My opinion is they are used to cheap money and are struggling to give it up. Just my Opinion, I could be wrong.
 
It would be nice if they finally pulled their fingers out and got with the inflation program. They seem to be as slow as the FED in getting things right.

My opinion is they are used to cheap money and are struggling to give it up. Just my Opinion, I could be wrong.

I think banks are awash in cash and don't need the money. But a quick check of their balance sheets would confirm that.
 
Well we are already in May... So only about 7 months to go and CD's tend to rise slowly after the Fed does their thing.

My WAG for 1 to 3 yr CD averages would be 3 to 3.5%. Maybe a few higher.
 
think it will get close to 4% on a 5 year cd?
 
^^^^ Maybe for a few banks
 
Banks are only interested in CDs when they need money to support their lending. And then only when it's cheaper than borrowing from the Fed window or they exceed the Fed window borrowing limits. With increased loan rates loan demand will most likely drop, so it may be a long time before banks are in a position to require deposits and compete on rates.
 
Banks are only interested in CDs when they need money to support their lending. And then only when it's cheaper than borrowing from the Fed window or they exceed the Fed window borrowing limits. With increased loan rates loan demand will most likely drop, so it may be a long time before banks are in a position to require deposits and compete on rates.

agree; loan demand will drop and they might even start clipping the tail off the risk curve on what they issue (e.g. mortgages and car loans). Banks and businesses will start to hoard cash as they see the economy slow down.
 
One's best bet is MYGAs as a substitute equivalent/alternative to CDs. They increase with the 10 year Treasury and pay on average ~1% more.
 
I remember buying a 17% GIC back in the early 80s. Tell me what inflation will be doing over the next few years and I'll start guessing at CD rates.
 
Based on Fed statements made, it is supposed to be +3% this year over previous.

https://www.bankrate.com/banking/federal-reserve/how-much-will-fed-raise-rates-in-2022/
We will be very lucky if inflation would stay as it is.

Based on my experience last year, buying a new car, I would guess that inflation would jump higher. The supply chains only had worsen much more since last year, fueled by Ukraine war, Chinese COVID shut down and our enormous Debt what will require much bigger chunk of our Budget (we also have enormous deficit what needs to be covered somehow). There would be less goods for all the money we print. I am not waiting for the 3% CDs to reload at maturity and buying Farm land (syndicated) instead.
 
Based on Fed statements made, it is supposed to be +3% this year over previous.
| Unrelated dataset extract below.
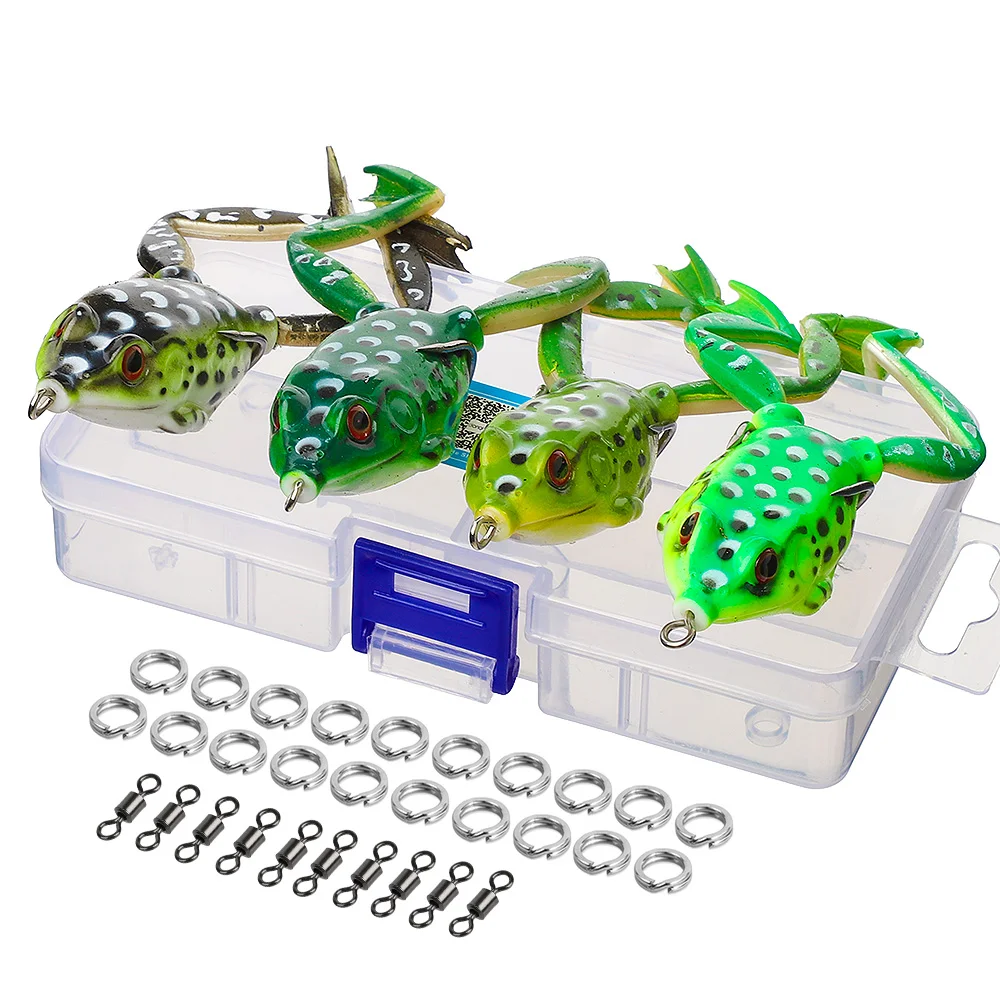 DONQL 4pcs Box Soft Fishing Frog 15g Top Water Artificial Baits With Double Hooks Ray Frogs Soft Silicone Fishing Lure (2)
https://www.bankrate.com/banking/federal-reserve/how-much-will-fed-raise-rates-in-2022/

We will be very lucky if inflation would stay as it is.

Based on my experience last year, buying a new car, I would guess that inflation would jump higher. The supply chains only had worsen much more since last year, fueled by Ukraine war, Chinese COVID shut down and our enormous Debt what will require much bigger chunk of our Budget (we also have enormous deficit what needs to be covered somehow). There would be less goods for all the money we print. I am not waiting for the 3% CDs to reload at maturity and buying Farm land (syndicated) instead.
Good points, and I'm also of the mind that inflation won't be fixed by just 3% of rate increases.